Growing up in Austria, I loved the fresh baked breads.  My absolute favorite was Mohnflesserl – a savory roll that had been braided and was topped with poppy seeds.  Recently I wanted to make my own at home.  I found a recipe in German and translated it into English.  Before I post the recipe, I have to share a funny story.  My mother would pronounce it Mohnfresserl – and growing up that is what I called it.  Upon my return to Austria in 2011, I landed at the airport in Linz, Austria and promptly ordered myself one, since my ride had not arrived yet.  I did not understand why the lady behind the counter was smirking.  Later I learned, I had been saying it wrong all my life – fressen means to eat like an animal would, flesserl is a braid; I laughed at myself (and my mother).  No wonder my web searches to find a recipe for Mohnfresserl gave me no results…

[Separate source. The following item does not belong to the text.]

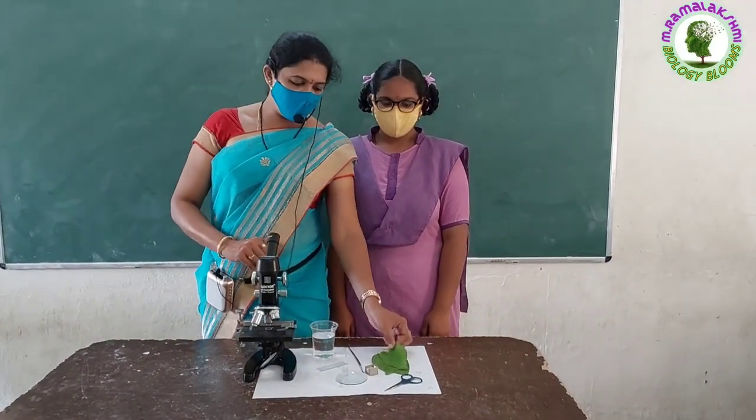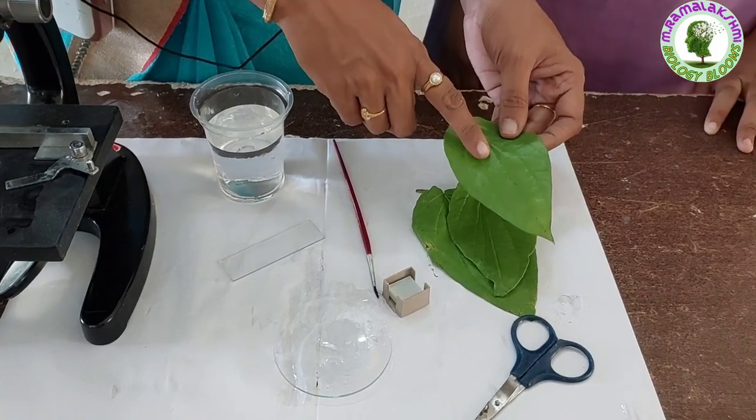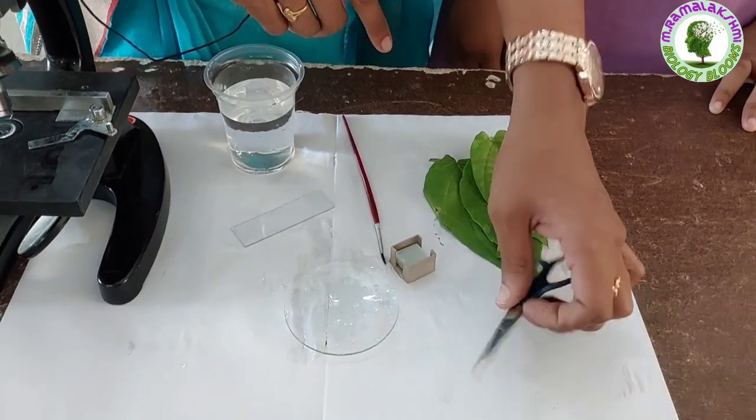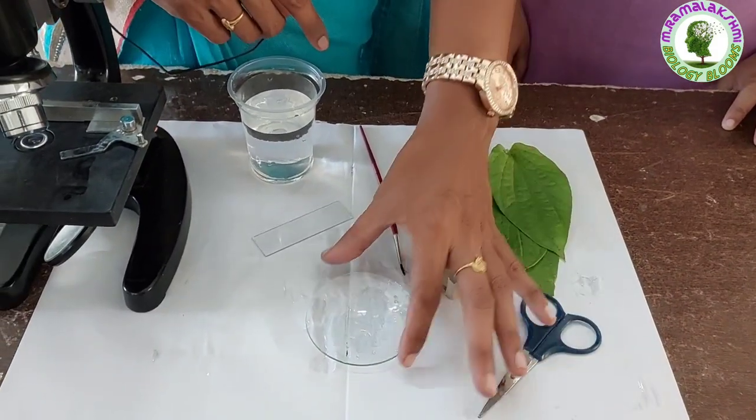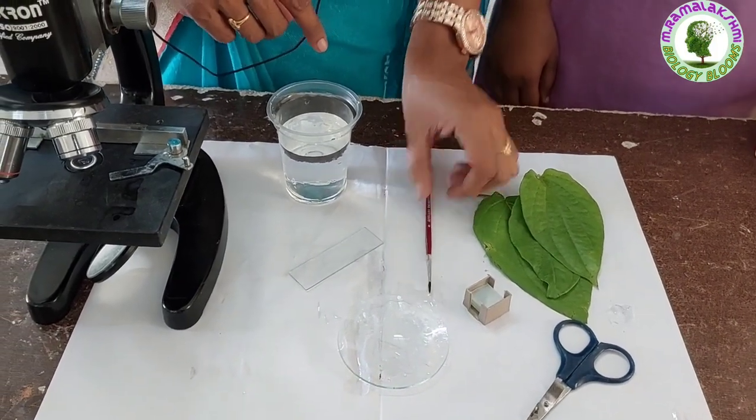Children, today we will observe the stomata in a betel leaf. For this we require betel leaves, scissors, cover slip, watch glass, slide, brush, and water.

I realize my last blog post was in October of 2017 – life has been keeping me busy with homeschooling and a new passion for quilting. I still love to cook, so this year I hope to post a few more recipes than I did last year.

Mohnflesserl – Austrian Poppy Twist

Serves 8

translated from German by Becky Pallmann

Ingredients

  • 1 1/2 cups warm water
  • 1 packet yeast
  • 1 1/2 teaspoon malted barley flour
  • 4 cups flour
  • 1 teaspoon salt
  • additional:
  • egg white
  • poppy seeds, salt, other bread topping

Instructions

Place warm water, yeast and malted barley flour (available at Amazon – get diastic type- it adds sweetness and flavor to your bread- if you cannot find it, use sugar in its place).  Add flour, and salt to the yeast and knead until it becomes one ball of dough and pieces have pulled off the sides of the bowl. Cover with plastic wrap and a towel and allow to rise for 30 minutes.

Divide into 8 sections and roll each piece out into a snake. Form into a braided twist (https://christinawaitforit.wordpress.com/2016/06/17/mohnflesserl-flechten-rezept-und-anleitung/ has a great series of pictures that illustrate how to do this.)

Preheat the oven to 450°F.

Add a little water to the remaining egg white and beat. Brush your twists with egg wash and sprinkle them with poppy seed, kosher salt or other bread topping seeds you may have on hand.

Place a pan of hot water in the bottom of your oven for steam or spray the twists with a mist of water during the baking process.

Bake at 425°F for 20 to 25 minutes.

I love these with a nice slab of butter while they are still warm.